Interrogé également sur ses mesures pour lutter contre le harcèlement sexuel, le chef de l'Etat a donné quelques pistes, qui devraient être détaillées lundi par la secrétaire d'Etat à l'Egalité entre les femmes et les hommes, Marlène Schiappa. Le président de la Répblique a en effet annoncé la réorganisation de la police, avec la création d'une "police de sécurité du quotidien", dont la priorité sera la lutte contre le harcèlement, "notamment dans les transports". Le chef de l'Etat veut également "une procédure de verbalisation plus simple, immédiate". Emmanuel Macron confirme également que l'État français veut prendre une mesure symbolique contre le producteur Harvey Weinstein, accusé de faits de harcèlement, d'agressions sexuelles et de viols. "J'ai engagé la démarche pour lui faire retirer sa Légion d'honneur.

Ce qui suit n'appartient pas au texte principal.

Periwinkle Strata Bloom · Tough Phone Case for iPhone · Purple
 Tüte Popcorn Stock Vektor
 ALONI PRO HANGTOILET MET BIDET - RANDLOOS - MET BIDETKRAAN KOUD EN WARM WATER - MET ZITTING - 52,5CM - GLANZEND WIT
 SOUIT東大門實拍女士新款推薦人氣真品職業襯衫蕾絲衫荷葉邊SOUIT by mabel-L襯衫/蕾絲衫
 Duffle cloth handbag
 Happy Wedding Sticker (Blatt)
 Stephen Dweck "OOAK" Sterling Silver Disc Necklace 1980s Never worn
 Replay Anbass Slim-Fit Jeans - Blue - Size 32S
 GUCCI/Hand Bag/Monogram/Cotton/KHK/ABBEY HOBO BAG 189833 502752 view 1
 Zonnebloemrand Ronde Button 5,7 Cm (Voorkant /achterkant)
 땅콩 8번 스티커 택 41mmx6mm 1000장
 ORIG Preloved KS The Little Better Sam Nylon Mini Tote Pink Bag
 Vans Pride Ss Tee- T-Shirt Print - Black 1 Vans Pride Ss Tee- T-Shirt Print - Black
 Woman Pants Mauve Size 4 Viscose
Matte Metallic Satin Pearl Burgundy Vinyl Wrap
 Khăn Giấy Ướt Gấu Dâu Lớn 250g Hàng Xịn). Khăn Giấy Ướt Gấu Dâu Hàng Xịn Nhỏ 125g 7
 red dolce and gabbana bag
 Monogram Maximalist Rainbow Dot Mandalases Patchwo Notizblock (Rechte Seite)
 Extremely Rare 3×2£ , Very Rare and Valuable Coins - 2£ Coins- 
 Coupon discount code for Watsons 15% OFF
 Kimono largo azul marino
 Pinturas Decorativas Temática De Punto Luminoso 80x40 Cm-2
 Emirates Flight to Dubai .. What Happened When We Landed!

Je souhaite, comme ses actes manquent à l'honneur, que nous en tirions toutes les conséquences."

5) De la fermeté sur les migrants délinquants

Deux semaines après l'attaque à la gare de Marseille qui a fait deux morts, Emmanuel Macron a dû s'expliquer sur les accusations du manque de fermeté de l'Etat. Le terroriste, en effet, avait été relâché la veille après avoir été arrêté pour un vol, et ce alors qu'il était en situation irrégulière sur le sol français. Le chef de l'Etat a ainsi promis dimanche que tous les "étrangers en situation irrégulière" qui commettent un délit "quel qu'il soit seront expulsés", promettant d'être "intraitable sur ce sujet".

"S'est installée une sorte de pratique où celles et ceux qui sont en situation illégale sur notre territoire peuvent être contrôlés plusieurs fois, parce qu'on s'est habitués à l'incapacité de les reconduire à la frontière, on ne prend plus toutes les mesures qui doivent être prises. Eh bien cela va changer", a martelé le président. "Ça veut dire aussi qu'on doit être plus efficace dans nos politiques de reconduite" à la frontière, a développé le chef de l'Etat. "On a des relations avec les pays d'origine qui n'est pas satisfaisante" car ces derniers "n'acceptent pas qu'on leur renvoie celles qui sont dans cette situation. Donc depuis plusieurs semaines, j'ai demandé au ministre de conclure des accords bilatéraux, il est en train de le faire, et d'être beaucoup plus exigeant sur ce point". "Ça ne se fera pas du jour au lendemain mais dès demain, de premières dispositions seront prises. Au début d'année prochaine, une nouvelle loi en matière d'immigration et d'asile sera prise pour durcir les règles sur ce point et nous nous mettrons en situation d'être intraitables sur ce sujet", a-t-il conclu.